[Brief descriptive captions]
************

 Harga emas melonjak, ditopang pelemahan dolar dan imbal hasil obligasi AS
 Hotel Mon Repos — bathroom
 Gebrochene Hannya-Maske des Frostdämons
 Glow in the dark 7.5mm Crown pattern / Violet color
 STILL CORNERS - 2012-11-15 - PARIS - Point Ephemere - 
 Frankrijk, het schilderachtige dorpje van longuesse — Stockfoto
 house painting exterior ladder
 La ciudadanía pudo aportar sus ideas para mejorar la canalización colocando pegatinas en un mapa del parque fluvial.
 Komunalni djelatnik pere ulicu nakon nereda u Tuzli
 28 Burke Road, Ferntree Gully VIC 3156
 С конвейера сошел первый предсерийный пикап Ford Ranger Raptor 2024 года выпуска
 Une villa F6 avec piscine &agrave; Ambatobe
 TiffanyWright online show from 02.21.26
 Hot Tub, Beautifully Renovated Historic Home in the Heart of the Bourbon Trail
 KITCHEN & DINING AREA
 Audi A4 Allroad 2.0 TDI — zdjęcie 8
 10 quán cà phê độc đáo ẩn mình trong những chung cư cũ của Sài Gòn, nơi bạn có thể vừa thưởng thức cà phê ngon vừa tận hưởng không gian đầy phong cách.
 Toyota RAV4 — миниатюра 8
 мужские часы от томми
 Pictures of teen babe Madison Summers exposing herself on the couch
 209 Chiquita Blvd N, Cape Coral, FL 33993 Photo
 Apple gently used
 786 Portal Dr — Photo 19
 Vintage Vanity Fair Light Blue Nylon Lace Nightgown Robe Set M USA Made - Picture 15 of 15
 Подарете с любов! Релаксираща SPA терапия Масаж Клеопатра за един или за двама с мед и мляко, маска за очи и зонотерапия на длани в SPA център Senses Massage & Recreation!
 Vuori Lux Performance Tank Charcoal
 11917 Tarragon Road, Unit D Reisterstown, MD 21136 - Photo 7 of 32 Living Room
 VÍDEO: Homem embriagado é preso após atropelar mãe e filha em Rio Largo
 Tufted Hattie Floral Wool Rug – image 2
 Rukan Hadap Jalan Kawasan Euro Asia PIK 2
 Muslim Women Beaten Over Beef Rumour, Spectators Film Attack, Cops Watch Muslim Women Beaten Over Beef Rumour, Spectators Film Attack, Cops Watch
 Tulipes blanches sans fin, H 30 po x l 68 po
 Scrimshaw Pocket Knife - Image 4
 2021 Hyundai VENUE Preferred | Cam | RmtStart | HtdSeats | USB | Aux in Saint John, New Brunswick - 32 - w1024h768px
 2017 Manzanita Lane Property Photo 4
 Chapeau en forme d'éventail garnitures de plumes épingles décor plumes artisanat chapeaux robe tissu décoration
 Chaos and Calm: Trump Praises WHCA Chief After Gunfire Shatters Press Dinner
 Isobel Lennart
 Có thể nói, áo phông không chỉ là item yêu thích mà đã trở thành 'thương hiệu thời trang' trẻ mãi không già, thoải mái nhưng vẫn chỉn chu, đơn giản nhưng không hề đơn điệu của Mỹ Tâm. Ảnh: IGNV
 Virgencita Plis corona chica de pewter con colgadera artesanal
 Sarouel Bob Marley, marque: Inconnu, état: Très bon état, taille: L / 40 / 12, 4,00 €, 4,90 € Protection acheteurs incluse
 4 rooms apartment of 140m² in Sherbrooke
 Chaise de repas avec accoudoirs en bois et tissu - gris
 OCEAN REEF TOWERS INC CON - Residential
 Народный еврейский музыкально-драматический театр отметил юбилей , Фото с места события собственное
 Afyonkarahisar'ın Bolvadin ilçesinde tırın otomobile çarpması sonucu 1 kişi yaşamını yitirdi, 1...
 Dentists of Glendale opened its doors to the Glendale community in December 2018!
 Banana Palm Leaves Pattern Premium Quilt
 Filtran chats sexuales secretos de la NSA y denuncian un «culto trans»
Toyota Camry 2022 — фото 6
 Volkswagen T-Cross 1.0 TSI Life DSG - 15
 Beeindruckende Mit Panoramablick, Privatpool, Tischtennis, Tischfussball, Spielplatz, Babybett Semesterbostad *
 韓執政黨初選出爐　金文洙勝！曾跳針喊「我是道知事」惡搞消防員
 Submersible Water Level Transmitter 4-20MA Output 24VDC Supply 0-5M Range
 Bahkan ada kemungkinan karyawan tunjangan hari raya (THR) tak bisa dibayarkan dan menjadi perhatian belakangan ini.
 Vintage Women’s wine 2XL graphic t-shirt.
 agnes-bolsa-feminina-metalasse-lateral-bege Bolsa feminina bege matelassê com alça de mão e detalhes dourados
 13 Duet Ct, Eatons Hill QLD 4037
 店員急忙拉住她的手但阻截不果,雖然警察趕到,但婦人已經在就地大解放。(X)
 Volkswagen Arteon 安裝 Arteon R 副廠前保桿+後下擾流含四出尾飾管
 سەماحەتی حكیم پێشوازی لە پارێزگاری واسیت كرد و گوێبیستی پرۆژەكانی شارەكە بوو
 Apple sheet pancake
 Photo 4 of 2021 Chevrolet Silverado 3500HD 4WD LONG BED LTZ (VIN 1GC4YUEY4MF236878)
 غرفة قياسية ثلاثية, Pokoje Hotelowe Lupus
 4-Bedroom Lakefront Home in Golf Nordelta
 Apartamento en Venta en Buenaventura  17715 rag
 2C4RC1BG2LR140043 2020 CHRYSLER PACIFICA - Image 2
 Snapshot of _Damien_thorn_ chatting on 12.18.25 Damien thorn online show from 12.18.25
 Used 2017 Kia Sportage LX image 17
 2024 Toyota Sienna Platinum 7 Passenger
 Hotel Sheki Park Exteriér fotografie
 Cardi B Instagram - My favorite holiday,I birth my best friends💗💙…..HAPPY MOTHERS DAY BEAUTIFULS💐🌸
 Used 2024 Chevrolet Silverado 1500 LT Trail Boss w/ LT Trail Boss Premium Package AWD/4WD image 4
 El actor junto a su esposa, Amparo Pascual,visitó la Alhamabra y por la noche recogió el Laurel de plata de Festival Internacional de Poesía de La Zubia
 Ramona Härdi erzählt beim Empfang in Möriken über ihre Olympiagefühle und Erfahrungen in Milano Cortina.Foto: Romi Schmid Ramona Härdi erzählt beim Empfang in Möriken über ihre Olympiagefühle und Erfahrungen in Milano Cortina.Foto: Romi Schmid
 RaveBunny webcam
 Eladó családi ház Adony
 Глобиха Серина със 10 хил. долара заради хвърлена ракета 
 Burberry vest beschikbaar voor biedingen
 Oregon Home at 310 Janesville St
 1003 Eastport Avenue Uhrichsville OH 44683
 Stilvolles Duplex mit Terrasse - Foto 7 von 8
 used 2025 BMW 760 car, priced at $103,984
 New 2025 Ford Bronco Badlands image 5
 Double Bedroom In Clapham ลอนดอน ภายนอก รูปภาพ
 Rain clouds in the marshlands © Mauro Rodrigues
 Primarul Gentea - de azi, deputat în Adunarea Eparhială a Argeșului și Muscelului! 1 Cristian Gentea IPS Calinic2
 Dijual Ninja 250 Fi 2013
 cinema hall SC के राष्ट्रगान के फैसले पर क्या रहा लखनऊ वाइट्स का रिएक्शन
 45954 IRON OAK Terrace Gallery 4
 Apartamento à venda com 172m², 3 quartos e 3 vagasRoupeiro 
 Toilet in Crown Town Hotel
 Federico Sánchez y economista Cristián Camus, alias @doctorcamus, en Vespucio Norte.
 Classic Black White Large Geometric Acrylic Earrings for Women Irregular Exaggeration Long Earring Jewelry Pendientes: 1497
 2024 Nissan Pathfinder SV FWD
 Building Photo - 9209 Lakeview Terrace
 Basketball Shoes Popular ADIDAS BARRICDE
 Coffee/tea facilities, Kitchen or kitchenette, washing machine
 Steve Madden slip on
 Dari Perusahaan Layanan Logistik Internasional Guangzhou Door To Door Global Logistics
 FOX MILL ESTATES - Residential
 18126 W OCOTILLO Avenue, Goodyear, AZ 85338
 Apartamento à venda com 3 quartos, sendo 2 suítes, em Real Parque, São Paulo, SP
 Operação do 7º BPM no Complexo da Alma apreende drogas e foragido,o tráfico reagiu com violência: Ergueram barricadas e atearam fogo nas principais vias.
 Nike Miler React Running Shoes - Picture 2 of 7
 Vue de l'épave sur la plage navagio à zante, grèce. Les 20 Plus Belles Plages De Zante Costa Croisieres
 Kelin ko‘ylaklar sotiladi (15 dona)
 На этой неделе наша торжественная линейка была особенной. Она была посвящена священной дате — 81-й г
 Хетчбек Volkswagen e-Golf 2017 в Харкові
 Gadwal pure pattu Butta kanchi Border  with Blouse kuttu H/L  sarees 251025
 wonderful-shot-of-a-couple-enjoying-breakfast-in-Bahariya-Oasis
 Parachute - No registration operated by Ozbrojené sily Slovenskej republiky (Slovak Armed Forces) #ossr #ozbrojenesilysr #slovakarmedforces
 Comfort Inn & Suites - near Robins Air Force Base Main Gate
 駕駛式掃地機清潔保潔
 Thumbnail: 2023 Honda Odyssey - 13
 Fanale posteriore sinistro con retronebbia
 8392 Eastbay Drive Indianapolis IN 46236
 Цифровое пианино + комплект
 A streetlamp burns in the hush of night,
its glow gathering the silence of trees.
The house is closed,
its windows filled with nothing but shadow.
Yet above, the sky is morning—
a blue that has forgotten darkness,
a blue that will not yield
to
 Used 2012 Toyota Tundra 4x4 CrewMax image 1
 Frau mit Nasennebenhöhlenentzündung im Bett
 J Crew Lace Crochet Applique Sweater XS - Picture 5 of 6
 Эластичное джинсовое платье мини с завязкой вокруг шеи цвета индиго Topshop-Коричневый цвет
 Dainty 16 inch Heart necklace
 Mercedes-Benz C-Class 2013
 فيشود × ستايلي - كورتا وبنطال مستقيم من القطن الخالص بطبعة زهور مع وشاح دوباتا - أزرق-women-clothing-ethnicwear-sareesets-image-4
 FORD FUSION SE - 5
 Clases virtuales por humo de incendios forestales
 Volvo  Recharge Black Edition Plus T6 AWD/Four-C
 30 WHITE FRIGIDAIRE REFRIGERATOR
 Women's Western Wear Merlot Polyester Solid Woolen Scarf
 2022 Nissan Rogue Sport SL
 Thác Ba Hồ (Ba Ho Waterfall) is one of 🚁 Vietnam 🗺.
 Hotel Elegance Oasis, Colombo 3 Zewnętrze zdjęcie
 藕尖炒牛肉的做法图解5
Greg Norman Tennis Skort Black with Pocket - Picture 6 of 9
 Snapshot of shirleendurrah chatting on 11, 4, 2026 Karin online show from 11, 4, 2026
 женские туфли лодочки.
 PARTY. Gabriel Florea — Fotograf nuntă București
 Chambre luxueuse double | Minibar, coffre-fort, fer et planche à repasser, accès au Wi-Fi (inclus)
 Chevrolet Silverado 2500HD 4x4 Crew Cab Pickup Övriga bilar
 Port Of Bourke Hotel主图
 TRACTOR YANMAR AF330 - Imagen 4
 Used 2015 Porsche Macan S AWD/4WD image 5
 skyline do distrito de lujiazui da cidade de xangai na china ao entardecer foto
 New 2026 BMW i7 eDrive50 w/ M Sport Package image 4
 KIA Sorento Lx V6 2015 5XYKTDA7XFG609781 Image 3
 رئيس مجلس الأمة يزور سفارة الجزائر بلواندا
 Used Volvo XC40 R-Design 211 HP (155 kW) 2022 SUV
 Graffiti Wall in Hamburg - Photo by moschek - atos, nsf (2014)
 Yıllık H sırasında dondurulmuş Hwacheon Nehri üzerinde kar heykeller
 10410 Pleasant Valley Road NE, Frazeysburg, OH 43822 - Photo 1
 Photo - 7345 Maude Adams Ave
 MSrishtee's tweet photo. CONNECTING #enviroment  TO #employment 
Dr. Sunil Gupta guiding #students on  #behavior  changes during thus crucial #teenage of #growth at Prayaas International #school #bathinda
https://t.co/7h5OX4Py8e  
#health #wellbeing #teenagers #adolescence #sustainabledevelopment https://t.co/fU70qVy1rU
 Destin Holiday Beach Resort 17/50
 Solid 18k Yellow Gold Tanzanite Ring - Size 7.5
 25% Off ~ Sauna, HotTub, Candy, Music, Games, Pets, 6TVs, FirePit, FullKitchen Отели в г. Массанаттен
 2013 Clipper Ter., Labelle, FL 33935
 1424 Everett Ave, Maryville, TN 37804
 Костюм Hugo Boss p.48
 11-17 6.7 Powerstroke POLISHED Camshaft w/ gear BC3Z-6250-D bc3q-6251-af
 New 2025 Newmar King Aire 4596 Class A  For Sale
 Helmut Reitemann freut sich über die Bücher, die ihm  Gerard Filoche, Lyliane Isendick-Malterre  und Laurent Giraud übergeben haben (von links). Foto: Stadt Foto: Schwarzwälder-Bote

************

* _REQUIREMENT_: In the entries above, the lines between the one holding "Tulipes blanches sans fin, H 30 po x l 68 po" and the one holding "Isobel Lennart", inclusive, are to be printed exactly as written, and those alone.

* _PROBLEM SOLUTION_:
 Tulipes blanches sans fin, H 30 po x l 68 po
 Scrimshaw Pocket Knife - Image 4
 2021 Hyundai VENUE Preferred | Cam | RmtStart | HtdSeats | USB | Aux in Saint John, New Brunswick - 32 - w1024h768px
 2017 Manzanita Lane Property Photo 4
 Chapeau en forme d'éventail garnitures de plumes épingles décor plumes artisanat chapeaux robe tissu décoration
 Chaos and Calm: Trump Praises WHCA Chief After Gunfire Shatters Press Dinner
 Isobel Lennart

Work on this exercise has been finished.